1. Savunmasız hür ülke olmaz.
2. O zaman savunma sanayiine para harcamak zorundayız.
Bu iki ana kural.
Ama;
1. Savunmaya harcanan paranın ülke ekonomisine dönüşü yoktur.
a. Kara Kuvvetlerinin ithal ettiği bir kamyonun ülke ekonomisine faydası sıfırdır. Çünkü savaş ve tatbikat dışında kullanılmayan ölü bir yatırımdır. Bu kamyon ithal edildiğinden döviz ödemişiz demektir.
b. Kendi imal ettiğimiz kamyonun üretimi için ise, devlet kasasından harcanan para ile yapay istihdam yaratılmış, daha sonra bu kamyonu üreten şirkete vergi mükelleflerinden toplanan para ödenmiştir. Bu kamyonun da ülke ekonomisine katkısı yoktur.
c. Oysa o şirket sivil bir kurum için kamyon yapsaydı; o kamyon çalışacak para kazanacak ve üretime ve milli gelire katkıda bulunacaktı.

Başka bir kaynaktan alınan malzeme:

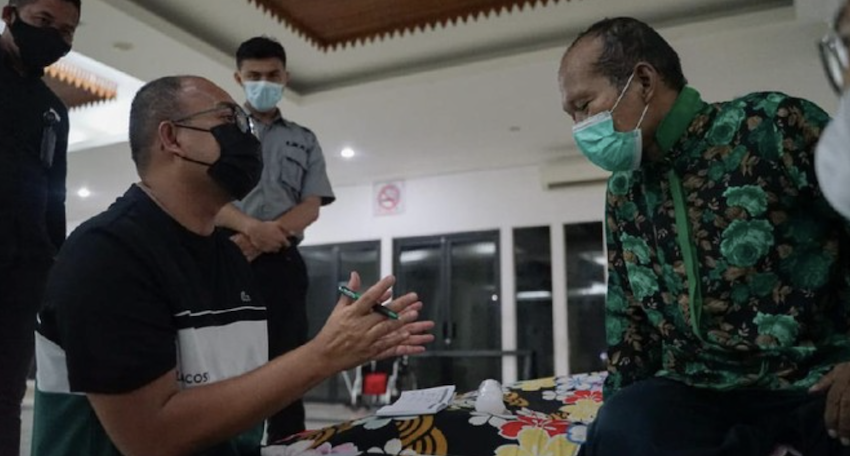 Andre Rosiade Bantu Pulangkan ke Padang Pria Viral Tidur di Trotoar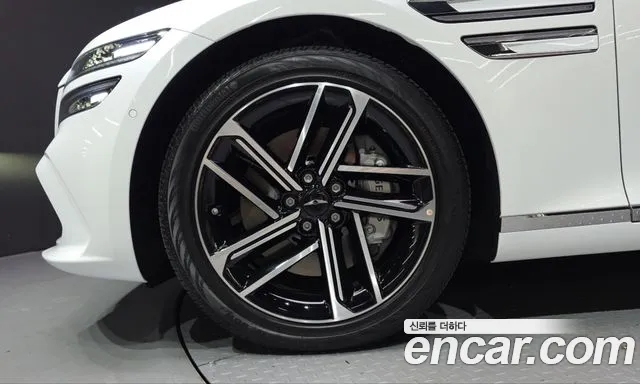 Genesis G80 RG3 — Фото автомобиля 5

d. Ürettiğimiz askeri kamyonu başka bir ülkeye satarsak; hem o ülkeden gelen dövizle istihdam yaratmış olup ekonomimize katkıda bulunuruz, hem de o ülkeye atıl bir mal satarak ekonomilerine zarar vermiş oluruz. (Etrafımızdakilere ne kadar askeri teçhizat satarsak o kadar biz daha güçlü oluruz)
2. Demekki işin esası kendimize yaptığımızın en az yarısı kadarını da etrafımızdaki ülkelere ihraç etmek. O bakımdan Savunma sanayimizin ihracat kapasitesinin büyümesi çok önemli.
3. Bu kapasiteyi büyütecek yatırımlar için yapılan harcamalar ise en doğru harcamalardır. 75milyar değil keşke 175 milyar dolarlık proje yapabilsek.